Sample Complexity of Distributionally Robust Off-Dynamics Reinforcement Learning with Online Interaction
Yiting He, Zhishuai Liu, Weixin Wang, Pan Xu
TL;DR
This work analyzes online reinforcement learning in distributionally robust finite-horizon MDPs, introducing the supremal visitation ratio C_vr as a key measure of exploration difficulty. It proposes ORBIT, a computationally efficient online algorithm that achieves sublinear regret for CRMDPs and RRMDPs under general f-divergence based uncertainties (TV, KL, Chi-squared) and provides matching lower bounds to show optimal dependence on C_vr and the number of episodes.
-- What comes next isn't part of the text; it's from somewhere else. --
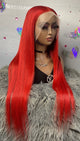 30” Red Deep middle part 100% Human hair 180% density 13x6 with elastic band for glueless wear can be a left or right side part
Theoretical results reveal that bounded C_vr enables provably efficient online learning while unbounded C_vr can cause exponential hardness, and the empirical studies on simulated MDPs and Frozen Lake corroborate the theory and demonstrate robustness under distribution shifts.
Abstract
Off-dynamics reinforcement learning (RL), where training and deployment transition dynamics are different, can be formulated as learning in a robust Markov decision process (RMDP) where uncertainties in transition dynamics are imposed. Existing literature mostly assumes access to generative models allowing arbitrary state-action queries or pre-collected datasets with a good state coverage of the deployment environment, bypassing the challenge of exploration. In this work, we study a more realistic and challenging setting where the agent is limited to online interaction with the training environment. To capture the intrinsic difficulty of exploration in online RMDPs, we introduce the supremal visitation ratio, a novel quantity that measures the mismatch between the training dynamics and the deployment dynamics. We show that if this ratio is unbounded, online learning becomes exponentially hard. We propose the first computationally efficient algorithm that achieves sublinear regret in online RMDPs with $f$-divergence based transition uncertainties. We also establish matching regret lower bounds, demonstrating that our algorithm achieves optimal dependence on both the supremal visitation ratio and the number of interaction episodes. Finally, we validate our theoretical results through comprehensive numerical experiments.